- Born: 1976 or 1977 (age 49) Tehran, Iran
- Education: University College London (BA)
- Occupation: News presenter
- Years active: 2001–present
- Television: BBC News
- Spouse: Jonathan Farmer
- Children: 3

= Maryam Moshiri =

British news presenter

Maryam Moshiri (مریم مشیری; born 1976 or 1977) is an Iranian-British presenter working for the BBC on its News Channel broadcasting in the United Kingdom and worldwide. Her programme The World Today with Maryam Moshiri airs weekdays from 18:00 GMT (international) and 7:00 pm UK time (UK), featuring interviews with figures from the arts, culture, and entertainment.

==Early life and education==
Moshiri was born in Tehran, Iran and moved to London with her family in 1978, shortly before the Iranian Revolution. She attended Streatham and Clapham High School and graduated from University College London in 2000 with a BA in Italian. She then completed a postgraduate diploma in Broadcast Journalism at the London College of Communication, graduating in 2001. Her sister, Nazanine Moshiri, worked as a foreign correspondent at Al Jazeera.

==Career==
Moshiri began her career as a business reporter for Independent Radio News in July 2001 before joining the BBC in 2003. She worked for 16 years as a business news anchor on flagship programmes such as The World Today, World Business Report, Business Briefing, Work Life, and Talking Business. Moshiri also broadcast on Radio 4, BBC Breakfast, and presented the 8 pm news bulletin on BBC1, in addition to being a regular presenter on the BBC's 24‑hour news channels. In 2017, she was nominated for the Royal Television Society Award for Best News Presenter.

In 2019, Moshiri transitioned to presenting on BBC World News and BBC News, anchoring flagship programmes including Outside Source, Impact, and Global. She has also presented The Papers on BBC News. In February 2023, it was announced that she would continue as a presenter on the BBC's new news channel for both UK and international viewers launched in April. In May 2023, she was part of the BBC coverage of the Eurovision Song Contest 2023 in Liverpool, working from the New Broadcasting House studio. She has continued to present BBC News coverage of the contest every year since.

Later in 2023, Moshiri expanded her role as a relief presenter, covering programmes such as The Context, The Daily Global, BBC News Now, Verified Live, as well as BBC Weekend News and BBC News at One. During this period, she also continued presenting occasional editions of Talking Business, reporting from various locations across the UK. Following the departure of Yalda Hakim to Sky News in 2023, it was announced on the same day that Moshiri would take over as the main presenter of The Daily Global. Subsequently, her agent confirmed that The Daily Global would be relaunched as The World Today in February 2024.

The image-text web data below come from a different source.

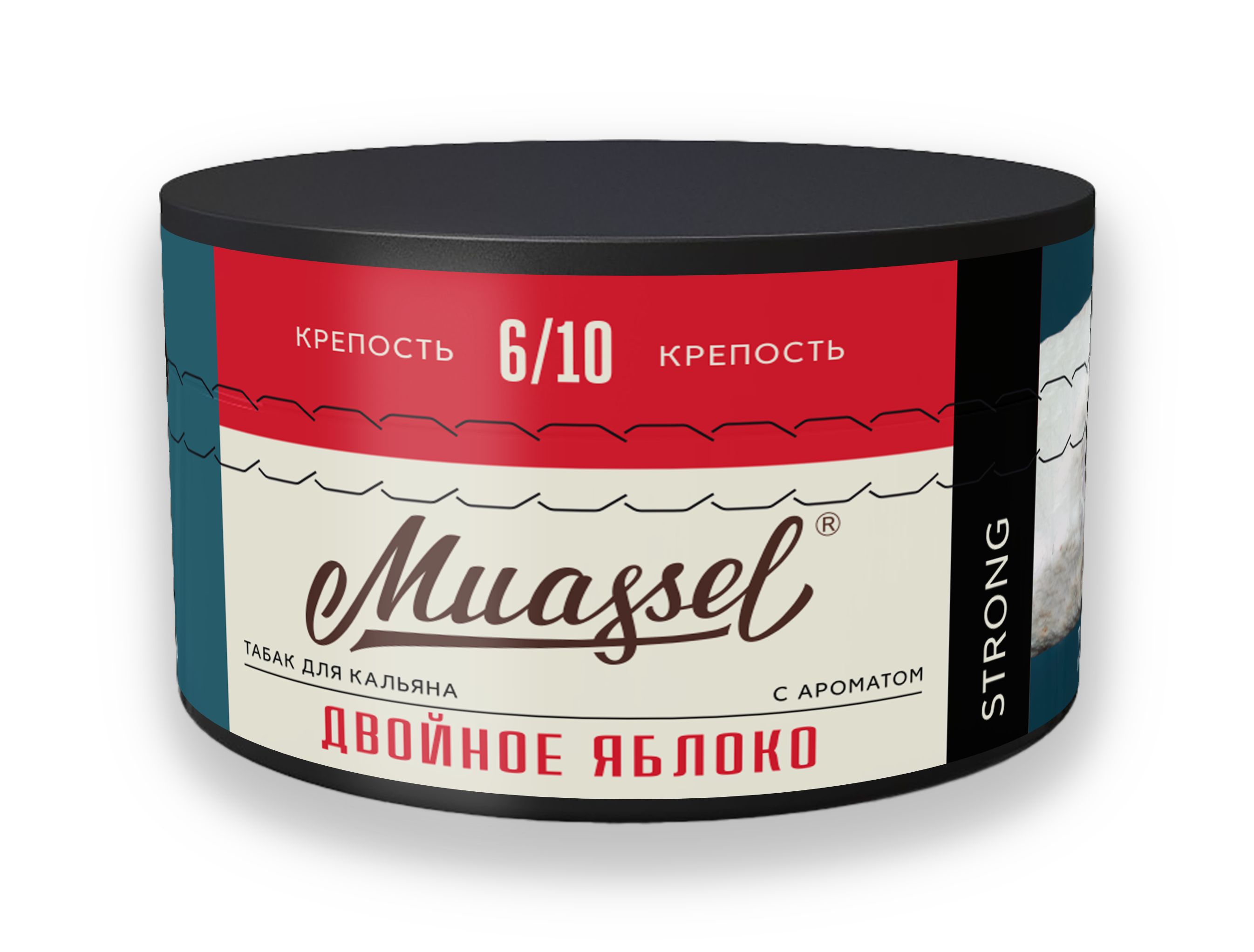 Табак для кальяна - Muassel Strong 6/10 - ДВОЙНОЕ ЯБЛОКО ( с ароматом яблоко ) - 200 г
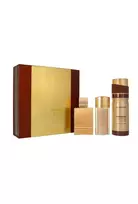 Al Haramain Set: Amber Oud Gold Edition Pure Perfume 75 ml + Pure Perfume 30 ml + Deodorant Body Spray 200 ml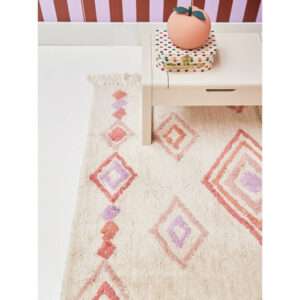 Vloerkleed Liz Purple Pink van Tapis Petit - My Little Carpet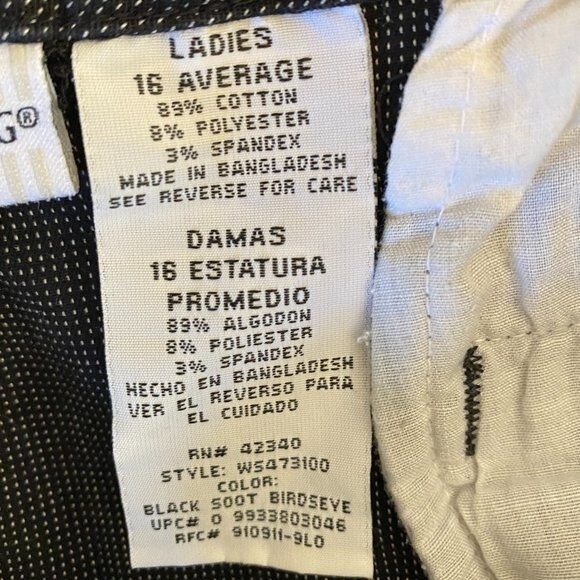 White Stag Womens Flare Leg Stretch Dress Pants Size 16 Average - Picture 6 of 6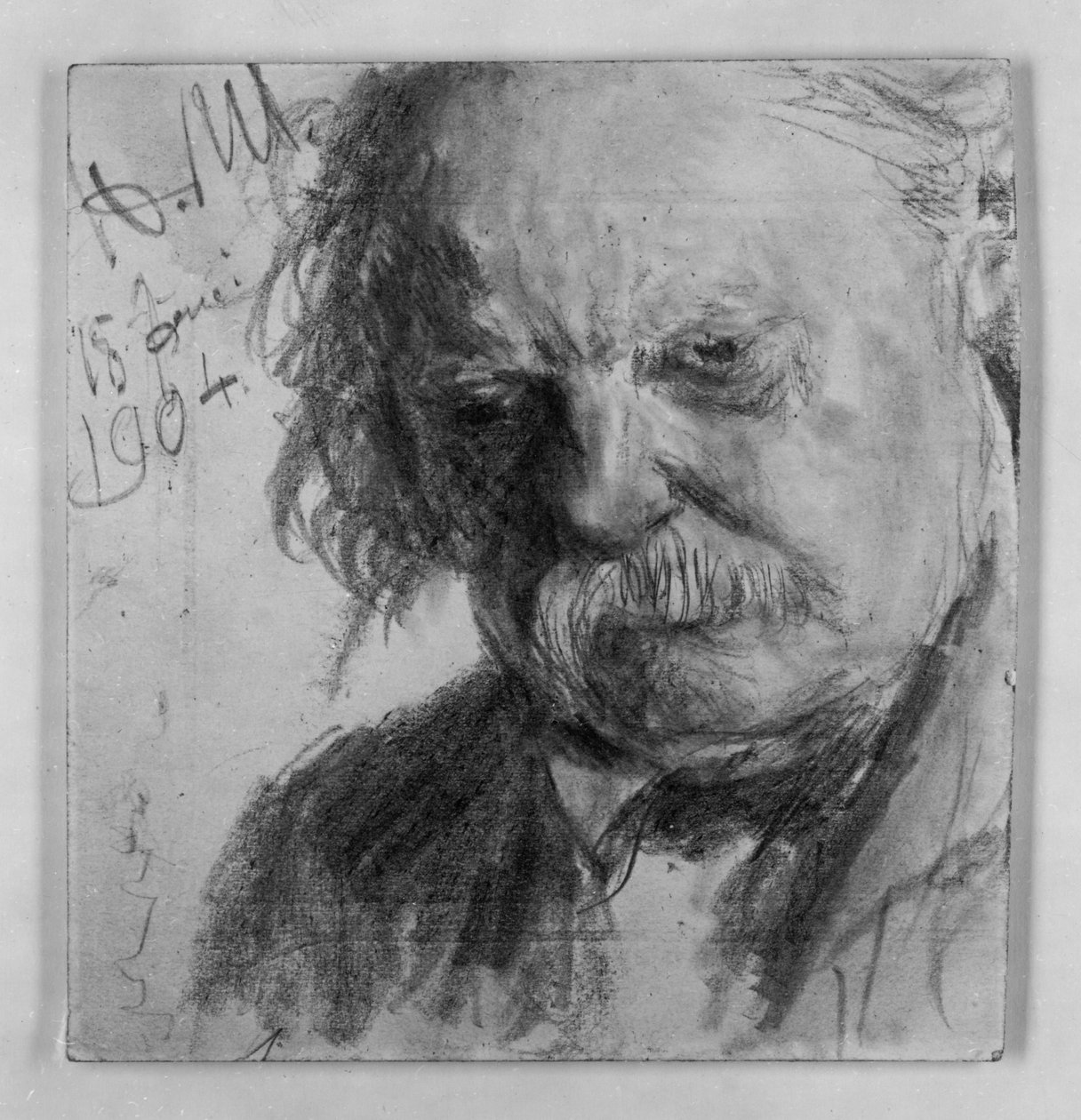 Anciano con bigote de Adolph Menzel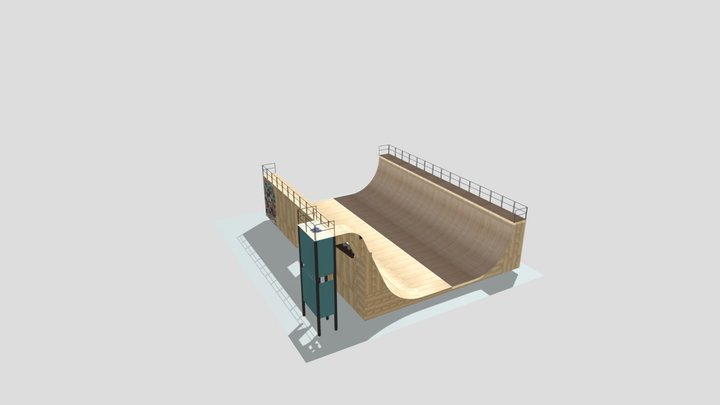 Skate Ramp – Modello 3D gratuito STL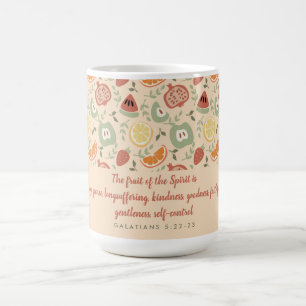 Fruit van de Geest Abstracte Schrift Koffiemok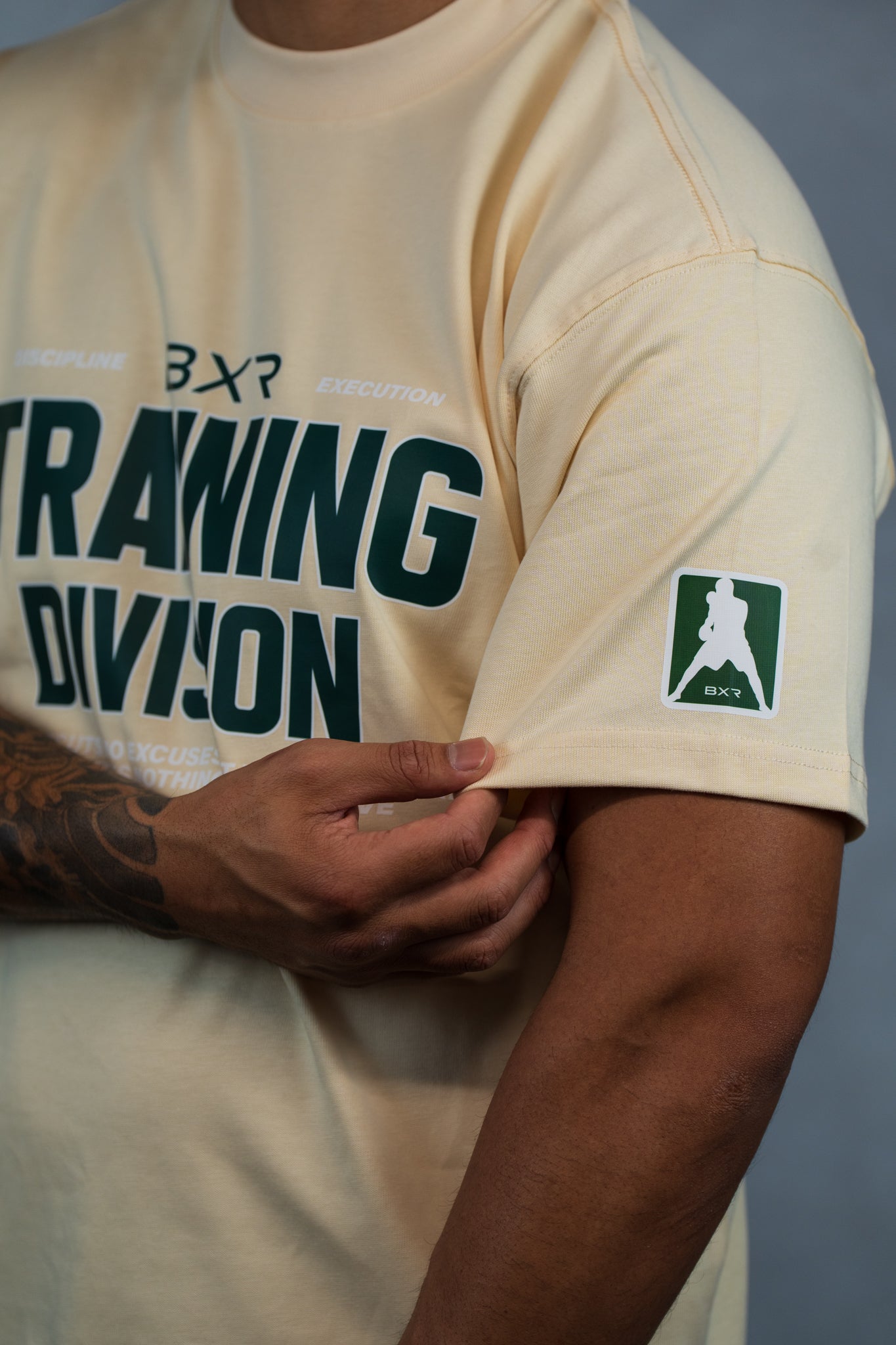 Training Division Yellow Tee - Green/White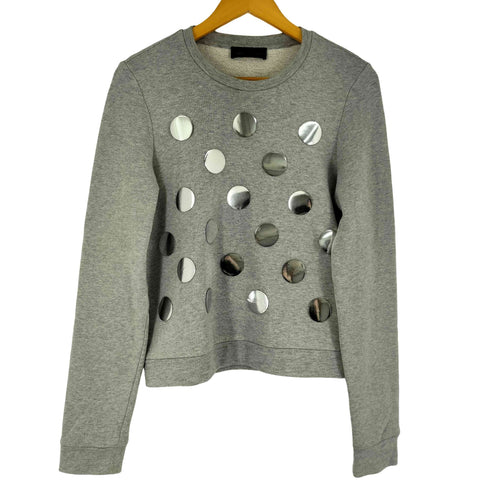 ディーゼルブラックゴールド DIESEL BLACK GOLD メタリックドット クルーネックスウェット レディース import:XS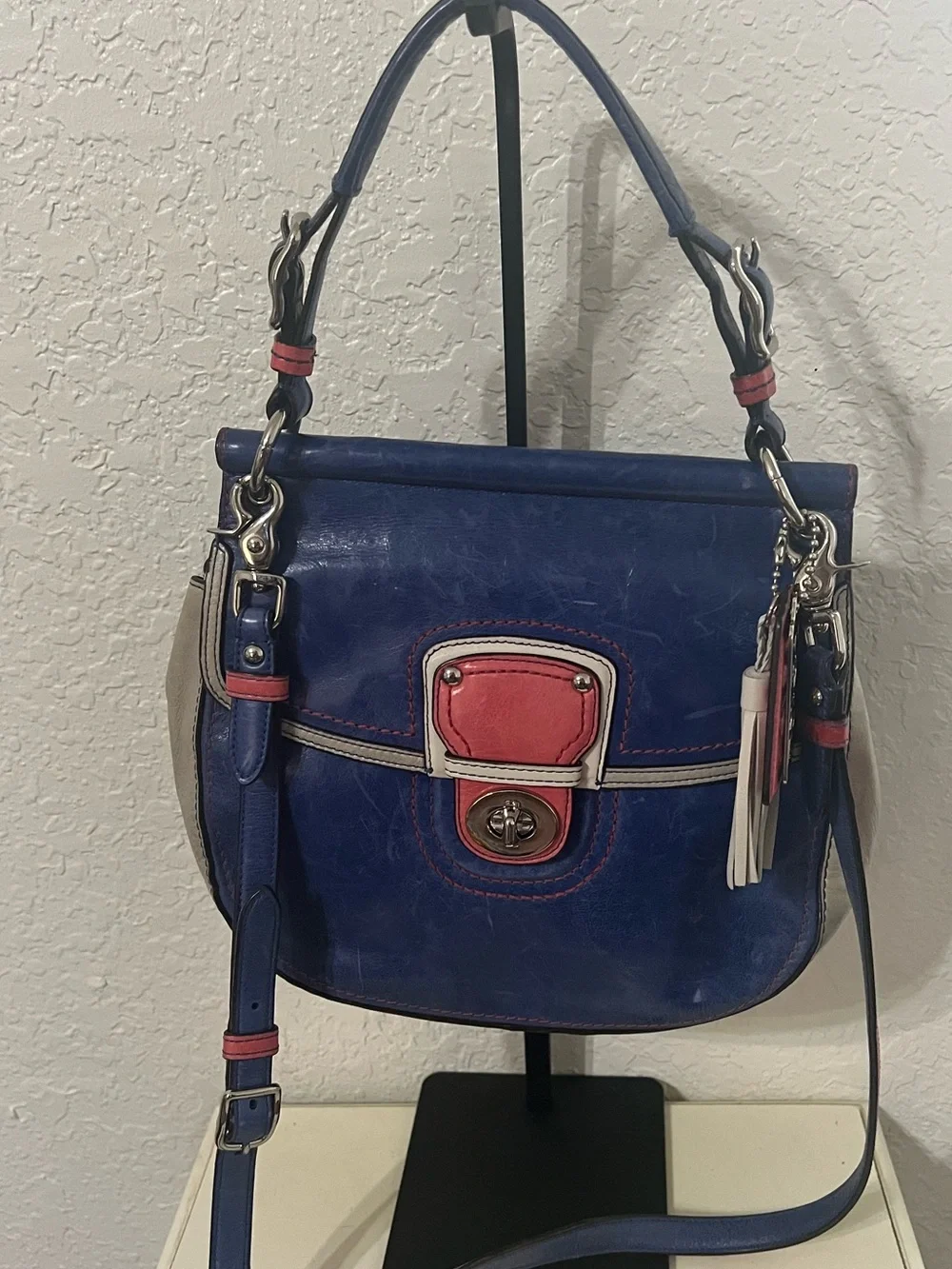 Coach Blue Leather Crossbody Bag - Picture 1 of 9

On 6 December 2023, in a clip that went viral, Moshiri was seen giving the middle finger to the camera just before starting a newscast. She apologised, stating it had been a "private joke" with the staff. Additional footage later revealed that Moshiri had been counting down with her fingers with the floor manager, using her middle finger to represent the number 1.

In February 2024, Moshiri began anchoring The World Today, a new weekday programme on the BBC News channel that packages the BBC's global journalism for both UK and international audiences. In April 2024, a clip of her doing a seagull impression on the show went viral. Moshiri played herself reading the BBC News in the 2025 film Bridget Jones: Mad About the Boy. She also presented BBC News's coverage from the Vatican following the death and funeral of Pope Francis and 2025 papal conclave.

==Personal life==
Moshiri is married to Jonathan Farmer, the editor-in-chief of LatinNews. The couple have three children and live in Wandsworth, South London.

In September 2026, Moshiri revealed that in November 2024 she had been diagnosed with polycythemia vera, a rare type of blood cancer for which there is no cure, although it can be managed as a chronic condition.